» **Task item**: Go to the line holding "Villa Caribe" in the entries below and write out exactly every line down to and including the line holding "Wait... People Actually".

» **Provided records**:
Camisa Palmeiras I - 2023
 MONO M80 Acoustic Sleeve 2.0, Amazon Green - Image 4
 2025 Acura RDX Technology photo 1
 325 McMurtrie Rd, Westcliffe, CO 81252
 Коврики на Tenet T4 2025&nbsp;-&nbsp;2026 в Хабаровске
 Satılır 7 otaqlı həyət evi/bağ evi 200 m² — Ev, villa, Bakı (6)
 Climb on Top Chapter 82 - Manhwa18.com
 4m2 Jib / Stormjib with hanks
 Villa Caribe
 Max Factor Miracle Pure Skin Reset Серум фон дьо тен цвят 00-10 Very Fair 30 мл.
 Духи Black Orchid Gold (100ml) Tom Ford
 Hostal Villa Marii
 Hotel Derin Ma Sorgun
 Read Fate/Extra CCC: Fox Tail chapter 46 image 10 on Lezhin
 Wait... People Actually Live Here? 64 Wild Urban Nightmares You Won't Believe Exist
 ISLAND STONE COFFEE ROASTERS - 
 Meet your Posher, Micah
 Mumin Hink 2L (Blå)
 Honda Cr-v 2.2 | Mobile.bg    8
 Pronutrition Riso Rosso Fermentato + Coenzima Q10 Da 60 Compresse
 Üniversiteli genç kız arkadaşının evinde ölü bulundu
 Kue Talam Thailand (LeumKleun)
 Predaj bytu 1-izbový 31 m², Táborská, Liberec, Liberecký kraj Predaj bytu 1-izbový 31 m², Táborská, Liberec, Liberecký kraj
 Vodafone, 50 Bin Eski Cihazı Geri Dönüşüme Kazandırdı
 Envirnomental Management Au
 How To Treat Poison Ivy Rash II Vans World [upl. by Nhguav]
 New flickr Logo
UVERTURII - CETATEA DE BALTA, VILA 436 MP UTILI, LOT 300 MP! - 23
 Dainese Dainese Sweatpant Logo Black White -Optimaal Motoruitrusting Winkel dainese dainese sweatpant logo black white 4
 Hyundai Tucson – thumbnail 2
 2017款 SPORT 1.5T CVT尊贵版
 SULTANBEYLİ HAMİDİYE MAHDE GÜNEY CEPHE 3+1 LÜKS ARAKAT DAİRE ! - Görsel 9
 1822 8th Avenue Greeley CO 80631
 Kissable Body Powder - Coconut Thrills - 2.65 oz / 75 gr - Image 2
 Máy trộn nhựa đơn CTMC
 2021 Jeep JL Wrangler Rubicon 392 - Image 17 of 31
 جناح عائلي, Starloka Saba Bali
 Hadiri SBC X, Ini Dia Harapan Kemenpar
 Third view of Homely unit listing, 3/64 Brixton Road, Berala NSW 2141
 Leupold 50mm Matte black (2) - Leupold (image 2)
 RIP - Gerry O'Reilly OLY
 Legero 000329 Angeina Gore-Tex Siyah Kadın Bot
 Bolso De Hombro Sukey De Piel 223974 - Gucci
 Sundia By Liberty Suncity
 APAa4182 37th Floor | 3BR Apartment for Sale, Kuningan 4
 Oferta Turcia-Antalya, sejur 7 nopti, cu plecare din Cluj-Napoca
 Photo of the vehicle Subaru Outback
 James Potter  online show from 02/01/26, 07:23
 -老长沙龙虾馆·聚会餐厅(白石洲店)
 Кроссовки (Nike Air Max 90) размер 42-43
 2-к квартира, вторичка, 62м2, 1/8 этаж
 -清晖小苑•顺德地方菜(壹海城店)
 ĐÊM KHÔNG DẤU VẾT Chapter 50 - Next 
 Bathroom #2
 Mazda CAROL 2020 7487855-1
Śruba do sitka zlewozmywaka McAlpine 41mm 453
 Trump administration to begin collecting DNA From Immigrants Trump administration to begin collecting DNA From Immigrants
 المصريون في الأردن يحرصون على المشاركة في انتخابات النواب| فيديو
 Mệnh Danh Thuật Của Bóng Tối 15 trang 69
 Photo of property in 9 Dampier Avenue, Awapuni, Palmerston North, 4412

» **Problem solution**:
 Villa Caribe
 Max Factor Miracle Pure Skin Reset Серум фон дьо тен цвят 00-10 Very Fair 30 мл.
 Духи Black Orchid Gold (100ml) Tom Ford
 Hostal Villa Marii
 Hotel Derin Ma Sorgun
 Read Fate/Extra CCC: Fox Tail chapter 46 image 10 on Lezhin
 Wait... People Actually Live Here? 64 Wild Urban Nightmares You Won't Believe Exist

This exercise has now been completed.